I stay up late on the weekends, I feel lonely all the time and I can’t help but think of myself as that person that doesn’t matter. I always notice how others touch other people but, I never get touched as much as I would like.
I stay up thinking about how many people would even know I was gone. The first people to notice would probably be my co workers, seeing as I wouldn’t show up to work. The second people would be my family, or my mother to be exact, as she will wonder where I am after a day or so. The third would be either my friend Holiday or Jake, they would try to contact me and after no recent posts on Tumblr or here, or Facebook they would come looking for me. Other people wouldn’t even notice. There are some people who would get that feeling in the pit of their stomachs that something has happened, but I am pretty sure they can’t do a lot of things about, I know one person, ‘Delta’, who would want to but wouldn’t be able to, because of where she lives.
I don’t know. I want to be noticed and needed, but I don’t want to be. I wish I could get money from somewhere and mooch off of someone, but I want to be dependent on myself, so just in case something bad happens, no one has to see.
I get dark moments too. Everyone does.
I don’t want them, they just happen.
Tonight, I am just thinking, should I sleep, or should I not.
As of right now, I want to keep feeling some sort of awareness to my body, telling me that I am indeed alive. But, I mustn’t, for I get addicted. It’s hard to stop. I just want to cover myself in nothing but a dark mahogany cloak that keeps me safe and sound from the outside world. Hiding underneath the shadows and lurking, staring at all the souls around me.
Now I am just spouting stuff because I am on caffeine and sugar mixed with no sleep.
The nights flew by as she sat in her bedroom dreading the feeling of the sunlight against her cold, carpeted floors. She, being the only night owl in her family, sleeps all day in the darkest corner of her room. Straying from the small patches of light, she does the same thing over and over. She thinks about her life, and what to do with it. She doesn’t want to be seen or heard. She doesn’t want to be known but she wants to make others happy and make life for others easier. She wants to be a stress doll for others, but she’d feel sad and hated. She’d hate herself even more. She always resorts to some sort of ‘awakening.’ It takes her away from her dark stages in her mind, and she needs some sort of snap out of a dream like hell.
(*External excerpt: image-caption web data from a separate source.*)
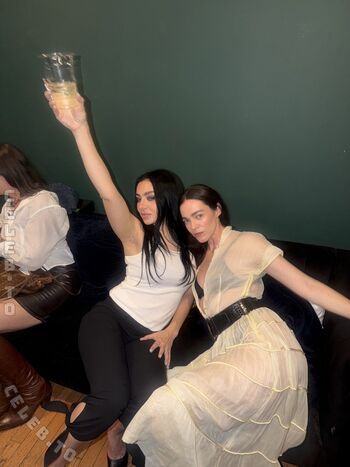 Charli xcx leaked private photo uncensored HD quality
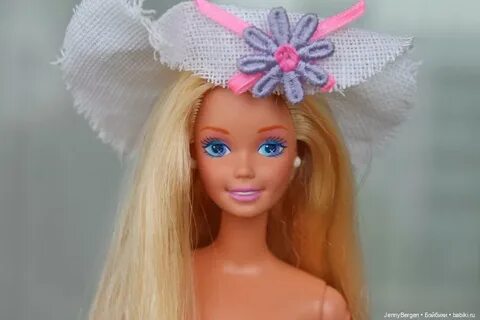Sweet barbie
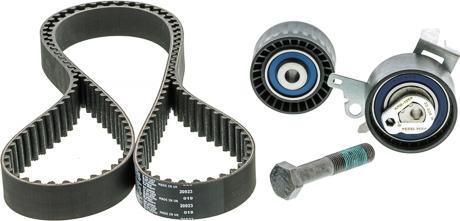 AISIN TSPS-050 - Kit cinghie dentate www.autoricambi360.it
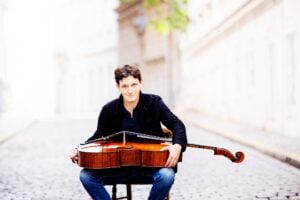 Klassik im Mai: Musik verbindet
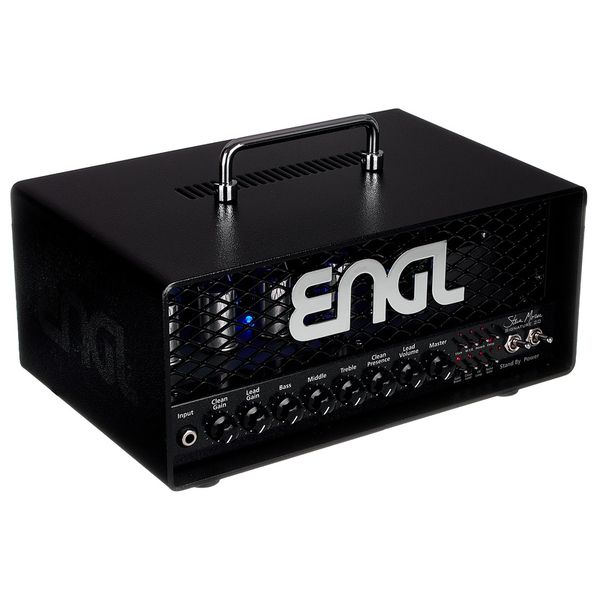 Engl E658BO Steve Morse 20 Blackout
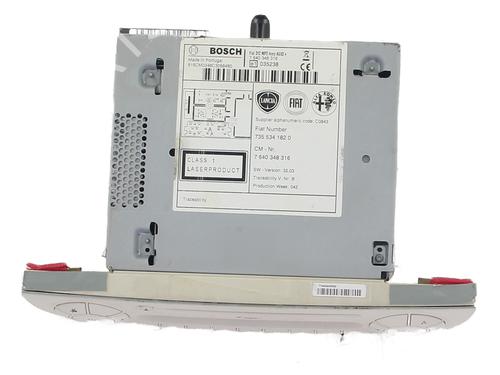 Used Radio Radio 38944541 38944541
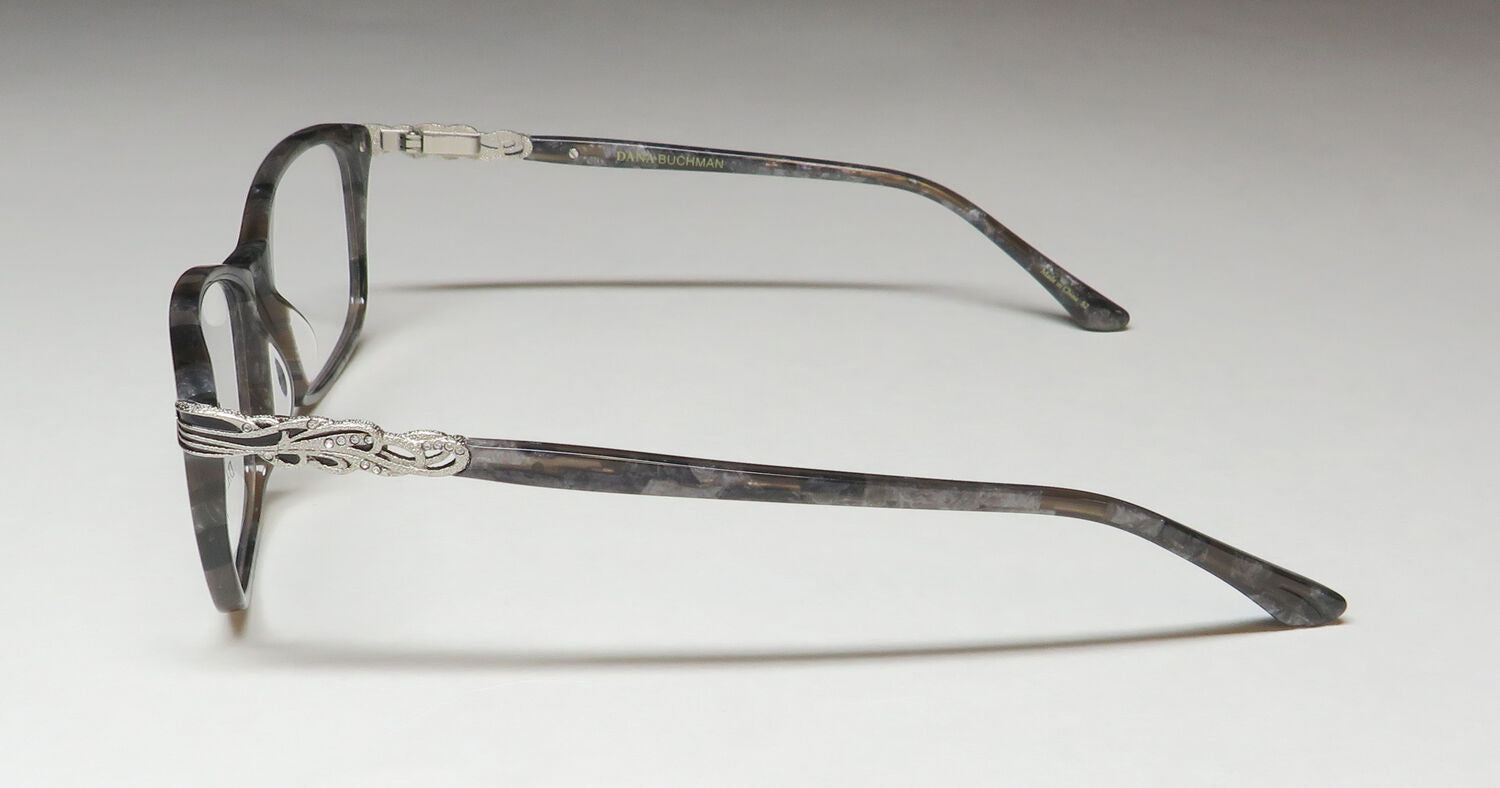 Dana Buchman Dina Eyeglasses by ModaFrames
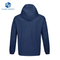 Women's Lightweight Hooded Raincoat Waterproof Packable Outdoor Rain Jacket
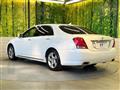 2011 Toyota Crown Majesta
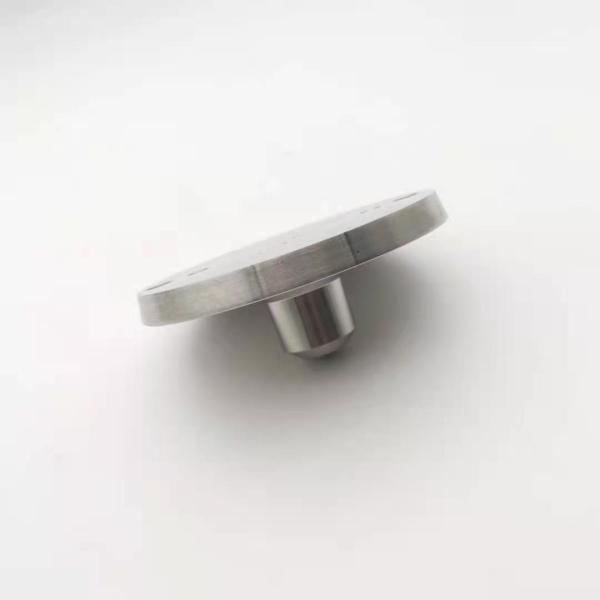 RF CL 150 Welding Neck Raised Face Flange SCH40s SS Pipe Flange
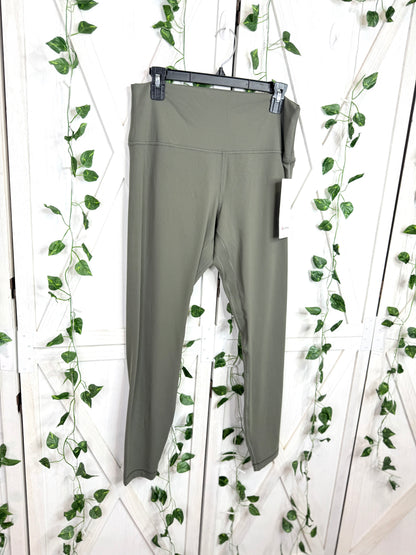 Lululemon Align HR Pant 28” *Size 14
Many things could do it; a slap in the face, and muffled scream due to a pillow, a hole in the wall… She prefers the silent killer way, the knife to skin. She doesn’t understand it all to well as to why she likes it, however, she does know that she, herself, holds the easier power of ending the pain all together or shunning it back into the black pit in her heart, mind and soul. She likes the idea, that she is her own God.